At that precise moment on Friday, more than 3,200 people had their eyes glued to “Monitor the Situation”, which tracks everything from world leaders’ locations to internet outages.

It’s one of several free sites using artificial intelligence to crunch data into interactive world maps that are info-rich but not always reliable.

Interest has surged in these tools since conflict erupted in the Middle East, along with memes gently mocking the kind of people who seek a movie-like control centre experience.

“I think it’s human psychology — they feel like they have God’s view or something,” said Elie Habib, creator of the AI dashboard “World Monitor”.

Habib, CEO of Middle Eastern music streaming platform Anghami, told AFP “World Monitor” has had 4.4 million visits since he built it in January.

“I just want to understand what’s happening in the world,” said the 53-year-old based in Dubai, who originally envisaged his tool as a “Bloomberg Terminal for geopolitics”.

Despite the war driving a spike in interest, Habib said he has not put adverts on the site because he doesn’t want to profit from the conflict.

“World Monitor” displays more than 450 data sources on a crowded, customisable screen that includes live webcams from strategic global locations and AI-selected headlines from real news outlets.

Among a constellation of options on their map, users can see where protests, GPS jamming and earthquakes are taking place in real time.

Habib said he was “trying to move to the next step, which is extracting the signals from the noise. Otherwise, for me, it’s just too much noise.”

‘Not mere eye-candy’

Habib, a trained engineer based in Dubai, used AI to “vibe-code” his website over one weekend — a task he says would have taken at least a year if he had written the computer script by hand.

LED screens turnedinto a surveillance-style monitor. — X/@IntCyberDigest
LED screens turnedinto a surveillance-style monitor. — X/@IntCyberDigest

The inner workings of “World Monitor” are open source, so other programmers have made tweaks and suggestions that Habib has since built in.

Sites like “World Monitor” and “Monitor the Situation”, co-created by a staff member of US venture capital firm Andreessen Horowitz, have many flashy functions but experts said users should not treat all their insights as credible.

“They are not mere eye-candy… but they are not truth engines either,” Wei Sun, principal analyst for AI at Counterpoint Research, told AFP.

“The hallucination risk is real” when an AI model is tasked with determining the significance of information, or causal links, she said.

Despite the risk of false data points, these AI dashboards “satisfy a very modern psychological need”, Sun said.

“In a crisis, people want speed, synthesis, and a feeling of control when headlines are fragmented and overwhelming.”

Some of the sites have chatrooms for users to interact, noted Sun Sun Lim, a professor of communication and technology at Singapore Management University.

That is “especially engaging during unfolding events”, she said.

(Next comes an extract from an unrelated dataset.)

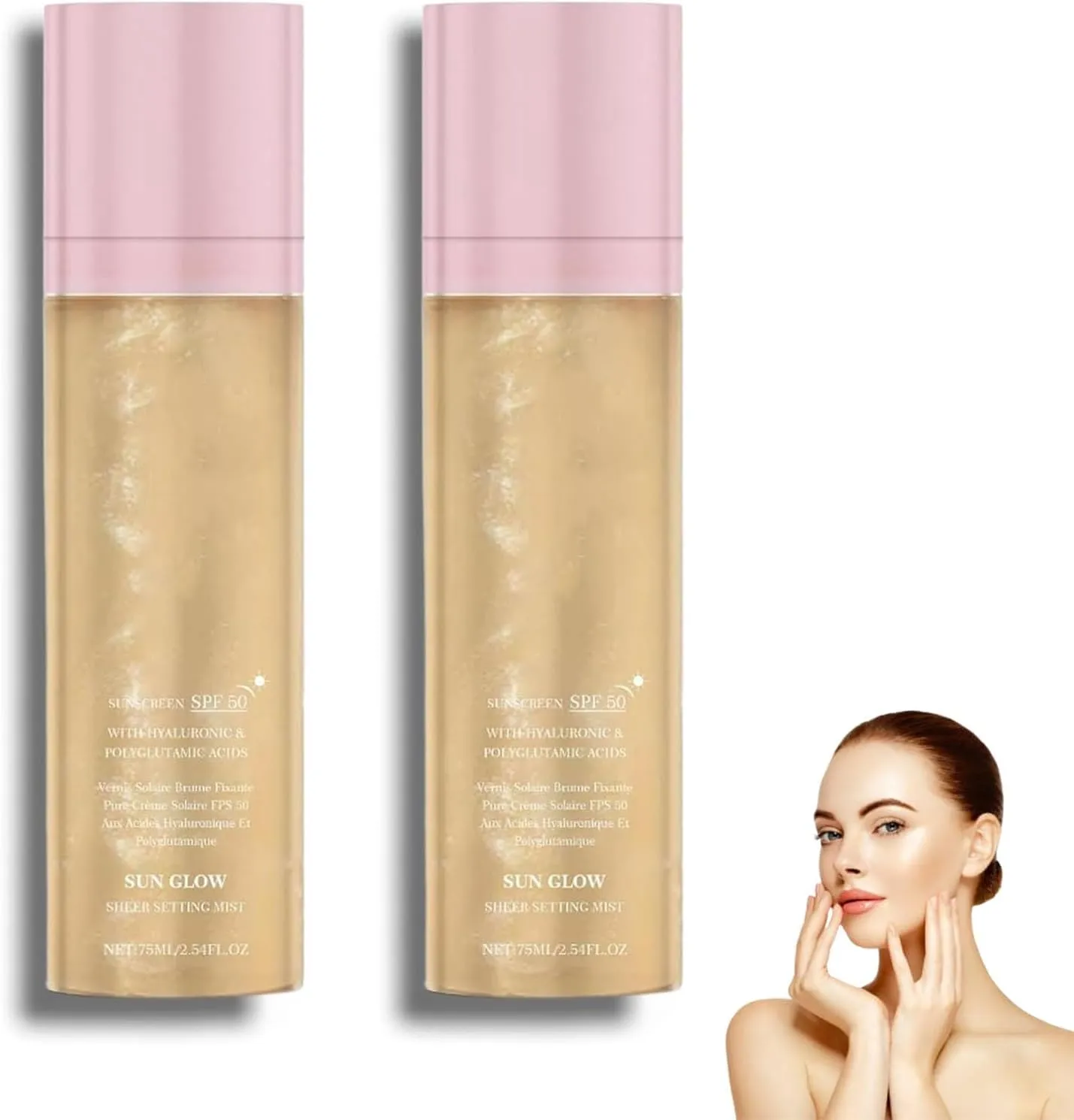 Sheer Setting Mist Sunscreen SPF 50, Broad Shimmering Body Oil Mist, Hydrating Makeup-Friendly Glow Spray (2 PCS) 75ML *2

“Interest in global events has also been fuelled by the rise of prediction markets where people have been placing bets on events” from national elections to whether Iran’s supreme leader would be ousted, Lim said. Live feeds of these bets are sometimes featured on the AI dashboards.

So should news wires like AFP or Reuters be concerned about people turning to such sites for their updates on the global situation?

“They should worry somewhat, but not existentially,” said Counterpoint’s Sun.

“In my view, the real disruption doesn’t come from AI dashboards replacing these news wires, but how it pushes them upmarket, towards being the most trusted validators and explainers.”